# Thule Pro Ride Rack



## B4ssy (15 Oct 2010)

Hi

I have a pair of these racks to fit on the top of the car. They are orientated so that they are easily accessible from the right hand side. The rack that will fit on the passenger side will be very difficult to operate as the adjustments all need to be made on the far side.

Is there any reason why bikes are not transported backwards facing? this would alleviate the problem as the rack could simply be fitted the other way around.

Any advice would be appreciated

Thanks


----------



## skudupnorth (15 Oct 2010)

Anything like these ? I have one bike in reverse on the roof but i can convert the carrier to change the arm over so that it is easier to attach the bike on the lft hand side but i cannot be bothered !


----------



## B4ssy (16 Oct 2010)

Thanks for the replies guys...............think I will reverse the arm.

Cheers


----------



## Barney28 (18 Oct 2010)

I know this is a seperate question but I thought I'd get away with posting here as this is about Thules carriers. Hope you dont mind. 

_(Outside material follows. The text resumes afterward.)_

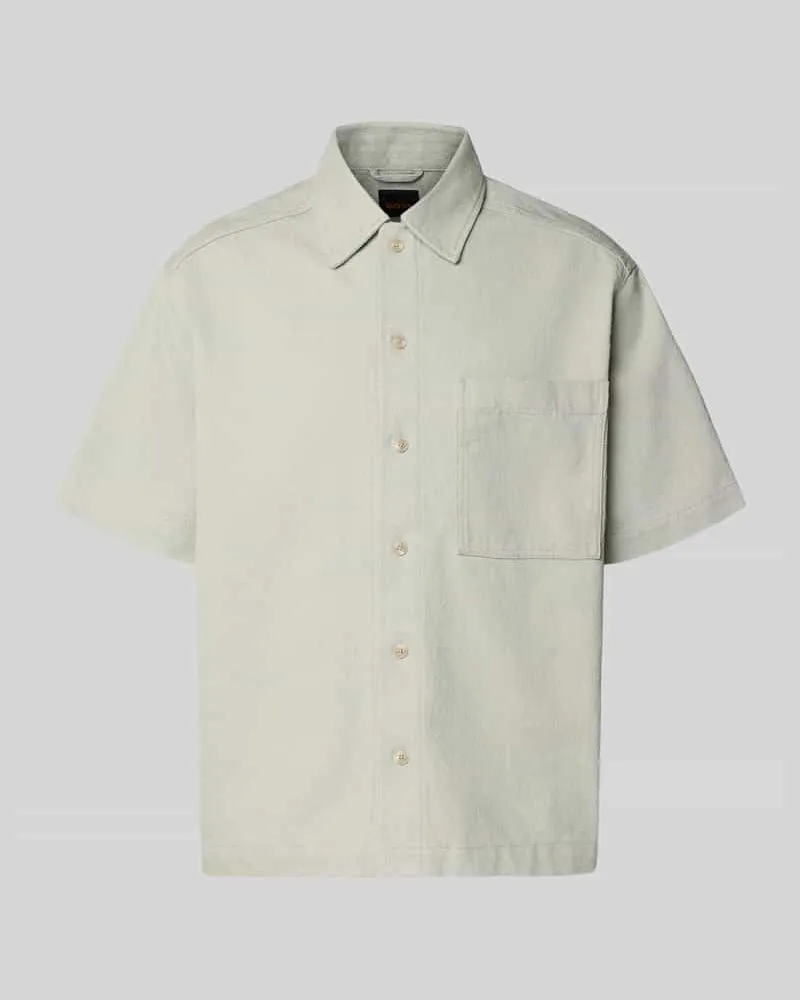 HUGO BOSS Regular Fit Freizeithemd aus Baumwoll-Mix Modell 'LAPOU Tuerkis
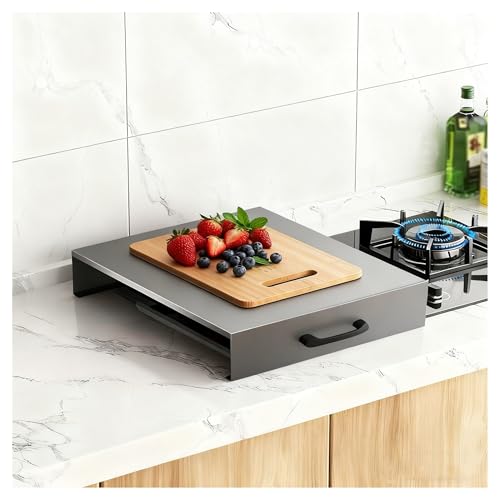 Stove Top Cover Countertop Kitchen Universal Gas Stove Cover Board for Rental Units, Small Homes, Kitchens Countertops, Easy to Clean(Grey,L11.81xW15.75xH1.97IN)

I've also just bought the 591's and had them fitted to the car. I'm getting quite a loud whistling noise when I'm driving. 

The garage where I bought the car and carriers are telling me that it is normal to get a whistling noise when you have something fitted to the roof. 

Just wondering if other people with these racks have a similar problem with this noise? To be honest if I'd known it was going to be that loud I would probably considered another type of carrier.


----------



## Norry1 (18 Oct 2010)

Yep, I get quite a pronounced whistle with the Thule 591s. Pretty much used to it now. Also reduces fuel efficiency.

Martin


----------



## B4ssy (18 Oct 2010)

Yes that whistling is really annoying. I'm going to try cutting and fitting the rubber strips that I had to remove ( aero bars ) to see if this helps.

By the way, we also have the thule rack which sits on the towbar ( the missus's car has a tow bar ). If you are considering an alternative rack, I cannot reccommend this one highly enough. It doesn't affect fuel efficiency either.

Cheers


----------



## Barney28 (19 Oct 2010)

Cheers for the replys. It's too late and expensive to change carriers now sadly. Then again it's not all bad.....the carriers are fitted to my partners car!!


----------